Free	The page is free but has unspecified dirty data in it. (These pages can’t be given as a user page to a user process without being initialized with zeros, for security reasons.)
Zeroed	The page is free and has been initialized with zeros by the zero page thread (or was determined to already contain zeros).
Rom	The page represents read-only memory
Bad	The page has generated parity or other hardware errors and can’t be used.

The PFN database consists of an array of structures that represent each physical page of memory on the system. The PFN database and its relationship to page tables are shown in Figure 10-37. As this figure shows, valid PTEs usually point to entries in the PFN database, and the PFN database entries (for nonprototype PFNs) point back to the page table that is using them (if it is being used by a page table). For prototype PFNs, they point back to the prototype PTE.

Figure 10-37. Page tables and the page frame number database

Of the page states listed in Table 10-16, six are organized into linked lists so that the memory manager can quickly locate pages of a specific type. (Active/valid pages, transition pages, and overloaded “bad” pages aren’t in any systemwide page list.) Additionally, the standby state is actually associated with eight different lists ordered by priority (we’ll talk about page priority later in this section). Figure 10-38 shows an example of how these entries are linked together.

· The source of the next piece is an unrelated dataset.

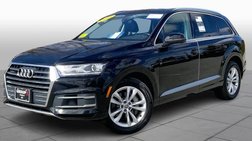 2018 Audi Q7 3.0T quattro Premium Plus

Figure 10-38. Page lists in the PFN database

In the next section, you’ll find out how these linked lists are used to satisfy page faults and how pages move to and from the various lists.

EXPERIMENT: Viewing the PFN Database

You can use the MemInfo tool from Winsider Seminars & Solutions to dump the size of the various paging lists by using the –s flag. The following is the output from this command:

C:\>MemInfo.exe -s

MemInfo v2.10 - Show PFN database information
Copyright (C) 2007-2009 Alex Ionescu
www.alex-ionescu.com

Initializing PFN Database... Done

PFN Database List Statistics
              Zeroed:    487 (   1948 kb)
                Free:      0 (      0 kb)
             Standby: 379745 (1518980 kb)
            Modified:   1052 (   4208 kb)
     ModifiedNoWrite:      0 (      0 kb)
        Active/Valid: 142703 ( 570812 kb)
          Transition:    184 (    736 kb)
                 Bad:      0 (      0 kb)
             Unknown:      2 (      8 kb)
               TOTAL: 524173 (2096692 kb)

Using the kernel debugger !memusage command, you can obtain similar information, although this will take considerably longer and will require booting into debugging mode.

Page List Dynamics

Figure 10-39 shows a state diagram for page frame transitions. For simplicity, the modified-no-write list isn’t shown.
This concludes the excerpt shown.